Harriet Beecher Stowe is a complex historical figure, a white woman who wrote Uncle Tom’s Cabin, an 1852 novel that both galvanized anti-slavery forces and perpetuated racist stereotypes about Black people. She’s a surprisingly contemporary example of how social justice is advanced by flawed human beings operating in imperfect circumstances.

Briann Greenfield

When the pandemic hit in March, the Harriet Beecher Stowe Center found itself in terribly imperfect circumstances.  We faced many hard decisions, but we never wavered on our commitment to support our staff’s right to unionize. Our senior staff and our board are pro-union people, and by March, we had already begun the constructive process of negotiations with the bargaining unit.

The decisions we faced were identical to those faced by museums large and small all over the country: if and how to remain open; how to keep executing our mission; how to keep our staffs and patrons safe; how to keep our collections accessible yet protected; and how to steward resources wisely.

Our situation was complicated by the fact that we are a “house museum,” which is exactly what it sounds like.
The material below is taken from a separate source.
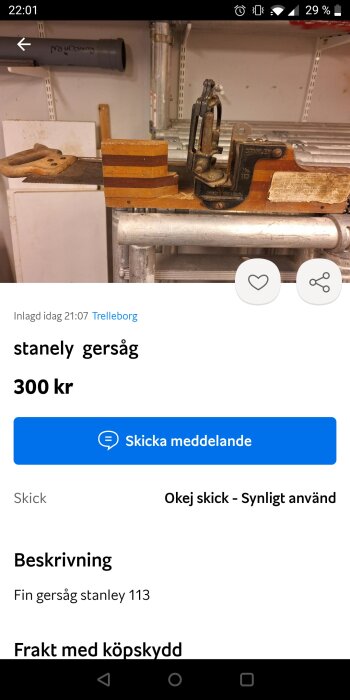 Gamla snickeriverktyg: Stanley handsåg och gersåg upplagda på arbetsbänk.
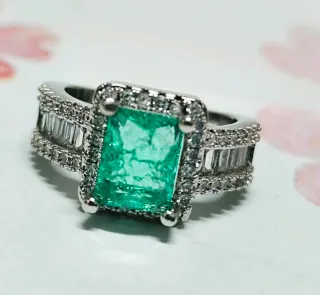 Sortija de Esmeralda Paraíba y Circonitas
Our venue is a historical house, a place built in 1871, defined by very small interior spaces. Though we serve as a research center for scholars and put on events and discussion programs, our principle method of education is giving house tours, prominently to school groups.

Not only was it impossible to continue tours, but the closure of the Harriet Beecher Stowe home was dictated by public health mandates. In March, we made the difficult decision to temporarily lay off our part-time Museum Associates who provide house tours and school programs —hoping as everyone did at the time— that the disruption would be short.  At this point, we hope to re-open for limited tours in January and we have already invited the union to speak to us about our staff’s return.

In the meantime, like in so many cultural institutions, our professional museum staff continue to provide history education in creative new ways.

We are embracing this unusual moment to offer outdoor experiences, enhance our historic park-like setting, and encourage community use of our spaces while ensuring that guests maintain safe distances. We have built an outdoor art installation, offered virtual makers workshops, and developed and delivered digital content —in all cases using history and literature to illuminate present social challenges and the structural and systemic racism that persists.

At the same time, we are making investments in planning and infrastructure, paying special attention to ADA accessibility and ensuring that our historic campus remains a community asset for the long term. The Stowe Center has also received an important grant from the National Endowment for the Humanities, which has brought scholars of color to study our collections and push our thinking about how we present history at the Stowe Center.

Despite the challenges of the pandemic, the Stowe Center remains laser-focused on our mission to educate the community about Harriet Beecher Stowe’s life and work, preserve her home and the Center’s collections, and inspire commitment to social justice and positive change.  Supporting our staff’s right to unionize is exactly aligned with our mission. We are here and ready for conversation when the bargaining unit is ready. We hope to be working together soon to reimagine the future as we interpret the past.

Briann Greenfield is the Executive Director of the Harriet Beecher Stowe Center.